Foolishly attempting to follow the logic of a terrorist, I knew they were coming to L.A. next and I did not feel right going to work, separated from my child. I never wanted to entertain the thought, but considered that if we would die today, I’d want us to be together. I was also extremely anxious at the idea of going to work in the high-rise building – the only building in the world to have Mickey Mouse on it, with his hands up inviting LAX or Burbank flights to “Come and Get Me!” Reports speculated that the enemies were targeting defining American icons such as Wall Street, the entertainment industry, Disney, baseball and apple pie. I decided that my home wasn’t even far enough away. No place offered security. I felt guilty thinking my emotions caused me to be a chicken shit but relaxed some when my boss called and said that the company announced we should stay home with family.
Many people say that west coasters didn’t feel it as much, but I know so many people who worked with, were related to, or knew people that were lost – we were not untouched. As the details spilled out, the nation-wide moments of silence and the local memorial for my ex’s co-worker Yen came and went, my mind and body constantly battled over how much I should be to feel or how much more I could possibly ache over. My mind controlled my emotions as tightly as it could, but my heart felt that it owed it to every last person that was lost, especially the heroes, and the victims’ families, to know their stories and feel the loss. Eventually I was able to survey the emotional grounds trusting my body would dictate what I could handle at one time. Each year the heartache comes rushing back.

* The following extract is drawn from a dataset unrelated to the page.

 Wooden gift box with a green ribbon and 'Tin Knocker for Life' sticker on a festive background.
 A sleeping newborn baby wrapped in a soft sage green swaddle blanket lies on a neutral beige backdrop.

My “best friend that I’ve met once in person” said it the best. We need to remember the unity we all felt. “We need to pull together & remember we are one. America. Not a country divided, or they have “succeeded”. Never, never, never give up. My heart will be with all that lost their lives that day & to the families still suffering their losses. Bless our country – however you choose to do so.”
Share your stories (or links) about that day or ways you’re honoring the fallen.
I try to hold onto the beauty that came as a result of this tragedy – the heroes, the humanity, the dreams that will be continued by family and friends. While this may not have been Yen’s exact plan for how to provide improved medical technology to his home country of Ethiopia, the people who were loved and touched by him will carry out his dream.